The most common challenge we see has to do with the number of devices this all-in-one equipment can support.  In most cases, the router in this equipment is only capable of supporting traffic from 10-20 devices.  If you’re a small operation, 10-20 devices may sound like a lot, but you’d be surprised how quickly devices add up. For instance one person could have their PC, desk phone, cell phone & smart watch all connected.  Combine this with any office equipment like a printer, file server or smart devices and you could be over that threshold in no time.

How devices connect can be another common challenge with this type of configuration.  These all-in-one devices generally have four ethernet ports on the back, but they don’t offer other features commonly needed by business equipment like PoE (power over ethernet) or traffic shaping/QoS (the ability to give priority to a device or service, like your phone system).  The other potential challenge relates to WiFi, since the WiFi antenna is built in, where you place the equipment and how large your office is can effect the quality of WiFi you receive. 

Using a consumer router and/or switches

When a business begins to have challenges with the all-in-one equipment provided by their internet provider, the next common move is to go to Best Buy and purchase a new router or network switch.  

Purchasing a consumer router will often result in the same challenges as using the ISP equipment, with minimal improvement in a couple of key areas.  These devices will not add any additional security, offering traditional firewall settings.  Depending on the model router selected, you may see an improvement on the number of devices it can successfully support. Higher end solutions like the Eero Pro 6 boast supporting 75+ devices, however this is theoretical. In reality the best consumer device will often begin to bog down around 25-30 devices.  Finally, you will still have ethernet port limitations and WiFi signal limitations.  If you looked up the Eero’s mentioned above you may be wondering if that would solve your WiFi issue.  Although great in theory, mesh systems like the Eero’s are hit and miss.  The way mesh works is you have one device that broadcast the signal then each additional device has to pick it up and rebroadcast it.  The further away from each other they are the weaker the signal is and the slower your speeds will be.  To have a reliable experience and keep your WiFi speeds, mesh systems end up needing to be so close together that you lose the benefits.

When you need more ethernet ports, you may look to purchase a cheap network switch. A network switch is effectively an ethernet splitter, however business network switches offer important features that your cheaper consumer switches do not.  The most popular option in the consumer space are the blue Netgear switches.  This line of switches has somehow become the most well known and available type of switch.  Additionally, they are dirt cheap.
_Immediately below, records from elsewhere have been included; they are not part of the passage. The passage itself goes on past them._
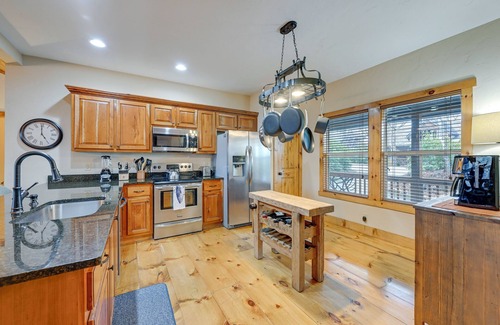 Sapphire Cabin | Sapphire Valley Resort Cabin w/Fireplaces + Grill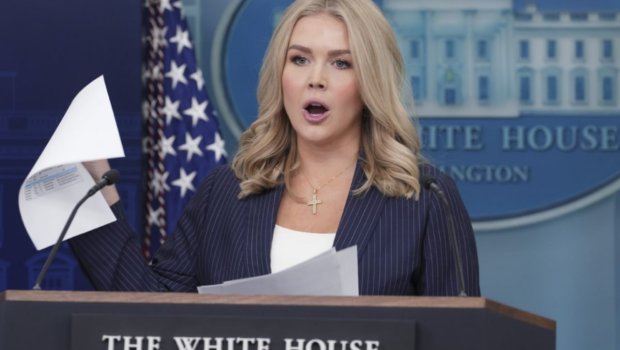 Ağ Evin hamilə qalan mətbuat katibi Trampa təşəkkür etdi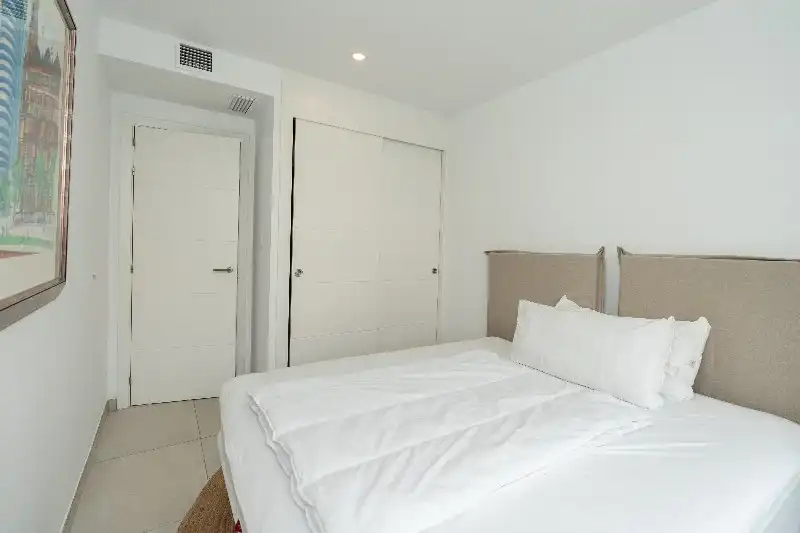 Dormitori de Àtic en venda en Marbella amb Aire condicionat, Terrassa i Piscina comunitària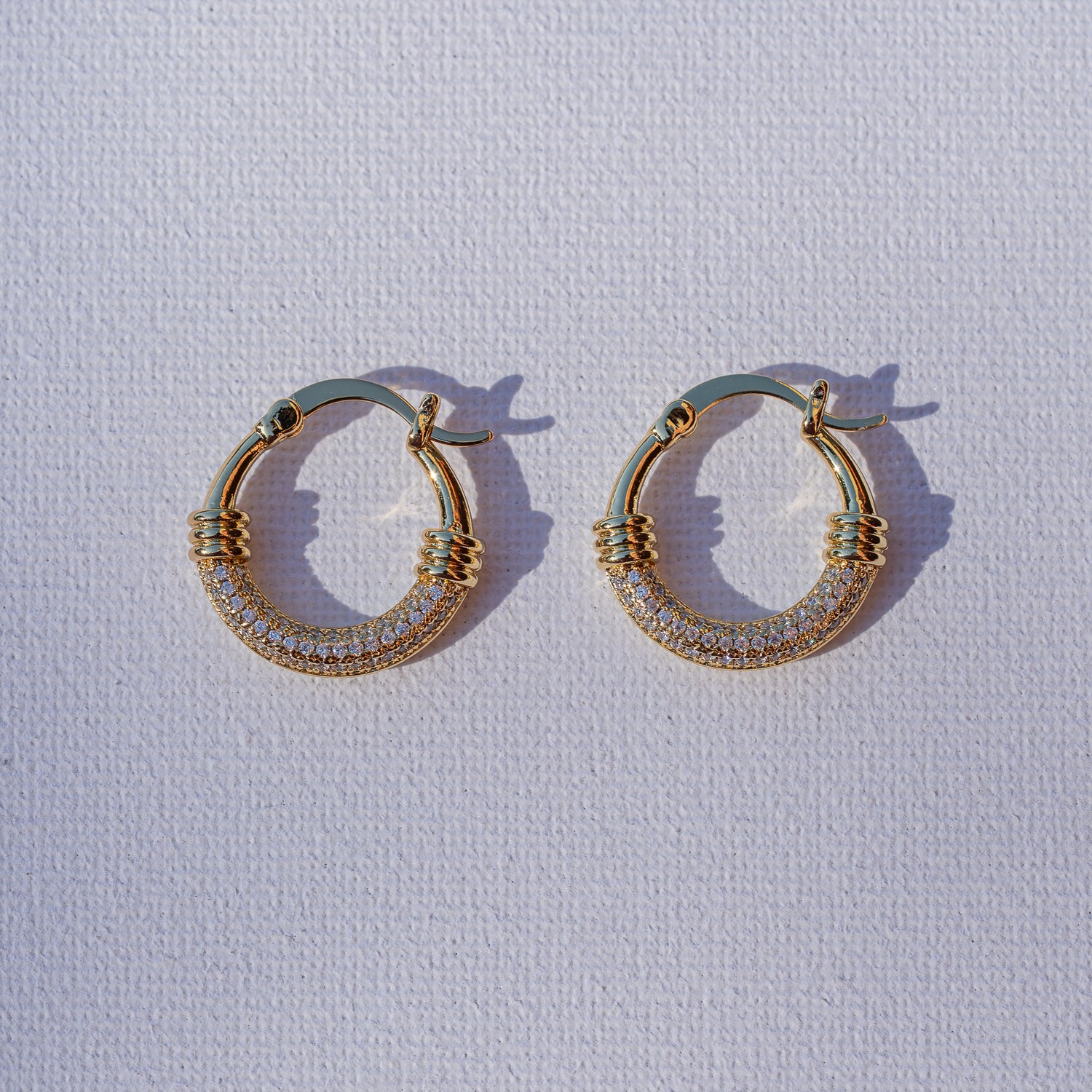 Créoles rondes en laiton plaqué or 18k et zirconium de 22 x 3,5 mm ( la paire )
You can often get a 5 port Netgear switch for $15-$20 at Best Buy or Amazon.  The challenge with a consumer switch is there is very little to no intelligence built into the switch.  In a business network, we generally prefer to setup independent virtual networks for employees, guests and your phone system.  These consumer switches do not support these virtual networks.  When it comes to your phone system these switches often do not support PoE to power your devices like desk phones.  Business switches will also offer other intelligent features and remote management/insights that we will cover some later in this article. 

Using outdated Equipment

If your business has been around for a while, you may have already invested in a business network.  However, a network is not something that you just setup and leave alone. It requires management and regular maintenance to ensure your users stay secure and everything works at peak efficiency.  Overtime manufactures will stop supporting a piece of equipment deeming it EOL (End of Life), EOS (End of Support), or potentially other descriptions depending on the provider and the equipment.  If your equipment is no longer able to receive patches/updates, you may be vulnerable to modern security threats, or your device may be unable to work with modern equipment/systems.  Furthermore, if you experience an issue with your equipment you will no longer be able to get support from the manufacture to solve the challenge.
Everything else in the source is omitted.